Work task
Once you have read the records, output them exactly.

(Excerpted records)

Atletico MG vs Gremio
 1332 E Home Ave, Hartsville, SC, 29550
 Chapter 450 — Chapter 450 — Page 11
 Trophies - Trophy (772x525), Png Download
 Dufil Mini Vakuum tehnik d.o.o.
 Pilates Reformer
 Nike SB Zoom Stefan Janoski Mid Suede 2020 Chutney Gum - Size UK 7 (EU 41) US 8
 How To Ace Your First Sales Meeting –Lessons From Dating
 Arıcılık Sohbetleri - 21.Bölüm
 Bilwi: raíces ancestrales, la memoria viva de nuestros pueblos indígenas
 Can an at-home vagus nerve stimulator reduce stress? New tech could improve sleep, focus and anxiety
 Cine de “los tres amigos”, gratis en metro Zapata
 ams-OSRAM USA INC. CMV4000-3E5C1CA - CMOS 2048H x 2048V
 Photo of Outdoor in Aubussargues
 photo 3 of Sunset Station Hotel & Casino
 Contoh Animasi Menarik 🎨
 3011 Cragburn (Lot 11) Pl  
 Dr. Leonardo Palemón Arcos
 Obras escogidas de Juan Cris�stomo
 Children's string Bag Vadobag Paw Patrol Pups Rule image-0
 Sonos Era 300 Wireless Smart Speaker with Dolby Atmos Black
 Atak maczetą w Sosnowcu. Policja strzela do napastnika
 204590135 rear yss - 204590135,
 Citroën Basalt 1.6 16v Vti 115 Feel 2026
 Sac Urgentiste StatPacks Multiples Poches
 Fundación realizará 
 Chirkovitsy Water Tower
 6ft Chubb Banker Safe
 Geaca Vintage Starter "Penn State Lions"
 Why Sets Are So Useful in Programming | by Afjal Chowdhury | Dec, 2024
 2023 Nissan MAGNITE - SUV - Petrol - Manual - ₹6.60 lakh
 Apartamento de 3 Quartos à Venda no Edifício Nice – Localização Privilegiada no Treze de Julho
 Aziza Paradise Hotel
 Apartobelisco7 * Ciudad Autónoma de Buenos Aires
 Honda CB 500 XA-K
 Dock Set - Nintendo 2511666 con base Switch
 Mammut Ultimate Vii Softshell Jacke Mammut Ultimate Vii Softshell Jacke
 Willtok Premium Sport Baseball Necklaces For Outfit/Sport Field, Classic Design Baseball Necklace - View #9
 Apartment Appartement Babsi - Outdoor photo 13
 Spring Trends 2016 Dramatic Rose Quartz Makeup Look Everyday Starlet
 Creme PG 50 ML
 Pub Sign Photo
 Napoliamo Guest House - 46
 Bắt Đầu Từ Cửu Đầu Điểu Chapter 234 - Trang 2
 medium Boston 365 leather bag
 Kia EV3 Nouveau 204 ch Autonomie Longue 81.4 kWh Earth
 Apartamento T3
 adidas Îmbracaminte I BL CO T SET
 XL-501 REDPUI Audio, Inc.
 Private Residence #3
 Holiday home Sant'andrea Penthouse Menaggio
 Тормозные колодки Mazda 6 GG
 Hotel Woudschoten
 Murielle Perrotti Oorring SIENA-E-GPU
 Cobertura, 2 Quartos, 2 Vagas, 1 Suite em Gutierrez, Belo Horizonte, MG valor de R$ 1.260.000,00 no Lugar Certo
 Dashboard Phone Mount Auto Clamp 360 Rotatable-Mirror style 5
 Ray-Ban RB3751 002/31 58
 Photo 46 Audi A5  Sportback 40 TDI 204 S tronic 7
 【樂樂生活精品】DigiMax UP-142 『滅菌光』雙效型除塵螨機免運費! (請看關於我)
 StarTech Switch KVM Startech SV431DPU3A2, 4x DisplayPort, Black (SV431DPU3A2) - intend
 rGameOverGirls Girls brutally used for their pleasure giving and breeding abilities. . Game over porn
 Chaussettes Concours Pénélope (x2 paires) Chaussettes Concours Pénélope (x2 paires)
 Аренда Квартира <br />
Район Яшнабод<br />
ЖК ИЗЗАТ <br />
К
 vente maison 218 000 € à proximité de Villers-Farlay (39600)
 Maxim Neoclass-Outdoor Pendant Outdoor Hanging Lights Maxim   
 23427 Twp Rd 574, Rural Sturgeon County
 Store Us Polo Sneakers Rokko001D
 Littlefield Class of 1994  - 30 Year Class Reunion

(End Excerpted records)

Finished exercise
Atletico MG vs Gremio
 1332 E Home Ave, Hartsville, SC, 29550
 Chapter 450 — Chapter 450 — Page 11
 Trophies - Trophy (772x525), Png Download
 Dufil Mini Vakuum tehnik d.o.o.
 Pilates Reformer
 Nike SB Zoom Stefan Janoski Mid Suede 2020 Chutney Gum - Size UK 7 (EU 41) US 8
 How To Ace Your First Sales Meeting –Lessons From Dating
 Arıcılık Sohbetleri - 21.Bölüm
 Bilwi: raíces ancestrales, la memoria viva de nuestros pueblos indígenas
 Can an at-home vagus nerve stimulator reduce stress? New tech could improve sleep, focus and anxiety
 Cine de “los tres amigos”, gratis en metro Zapata
 ams-OSRAM USA INC. CMV4000-3E5C1CA - CMOS 2048H x 2048V
 Photo of Outdoor in Aubussargues
 photo 3 of Sunset Station Hotel & Casino
 Contoh Animasi Menarik 🎨
 3011 Cragburn (Lot 11) Pl  
 Dr. Leonardo Palemón Arcos
 Obras escogidas de Juan Cris�stomo
 Children's string Bag Vadobag Paw Patrol Pups Rule image-0
 Sonos Era 300 Wireless Smart Speaker with Dolby Atmos Black
 Atak maczetą w Sosnowcu. Policja strzela do napastnika
 204590135 rear yss - 204590135,
 Citroën Basalt 1.6 16v Vti 115 Feel 2026
 Sac Urgentiste StatPacks Multiples Poches
 Fundación realizará 
 Chirkovitsy Water Tower
 6ft Chubb Banker Safe
 Geaca Vintage Starter "Penn State Lions"
 Why Sets Are So Useful in Programming | by Afjal Chowdhury | Dec, 2024
 2023 Nissan MAGNITE - SUV - Petrol - Manual - ₹6.60 lakh
 Apartamento de 3 Quartos à Venda no Edifício Nice – Localização Privilegiada no Treze de Julho
 Aziza Paradise Hotel
 Apartobelisco7 * Ciudad Autónoma de Buenos Aires
 Honda CB 500 XA-K
 Dock Set - Nintendo 2511666 con base Switch
 Mammut Ultimate Vii Softshell Jacke Mammut Ultimate Vii Softshell Jacke
 Willtok Premium Sport Baseball Necklaces For Outfit/Sport Field, Classic Design Baseball Necklace - View #9
 Apartment Appartement Babsi - Outdoor photo 13
 Spring Trends 2016 Dramatic Rose Quartz Makeup Look Everyday Starlet
 Creme PG 50 ML
 Pub Sign Photo
 Napoliamo Guest House - 46
 Bắt Đầu Từ Cửu Đầu Điểu Chapter 234 - Trang 2
 medium Boston 365 leather bag
 Kia EV3 Nouveau 204 ch Autonomie Longue 81.4 kWh Earth
 Apartamento T3
 adidas Îmbracaminte I BL CO T SET
 XL-501 REDPUI Audio, Inc.
 Private Residence #3
 Holiday home Sant'andrea Penthouse Menaggio
 Тормозные колодки Mazda 6 GG
 Hotel Woudschoten
 Murielle Perrotti Oorring SIENA-E-GPU
 Cobertura, 2 Quartos, 2 Vagas, 1 Suite em Gutierrez, Belo Horizonte, MG valor de R$ 1.260.000,00 no Lugar Certo
 Dashboard Phone Mount Auto Clamp 360 Rotatable-Mirror style 5
 Ray-Ban RB3751 002/31 58
 Photo 46 Audi A5  Sportback 40 TDI 204 S tronic 7
 【樂樂生活精品】DigiMax UP-142 『滅菌光』雙效型除塵螨機免運費! (請看關於我)
 StarTech Switch KVM Startech SV431DPU3A2, 4x DisplayPort, Black (SV431DPU3A2) - intend
 rGameOverGirls Girls brutally used for their pleasure giving and breeding abilities. . Game over porn
 Chaussettes Concours Pénélope (x2 paires) Chaussettes Concours Pénélope (x2 paires)
 Аренда Квартира <br />
Район Яшнабод<br />
ЖК ИЗЗАТ <br />
К
 vente maison 218 000 € à proximité de Villers-Farlay (39600)
 Maxim Neoclass-Outdoor Pendant Outdoor Hanging Lights Maxim   
 23427 Twp Rd 574, Rural Sturgeon County
 Store Us Polo Sneakers Rokko001D
 Littlefield Class of 1994  - 30 Year Class Reunion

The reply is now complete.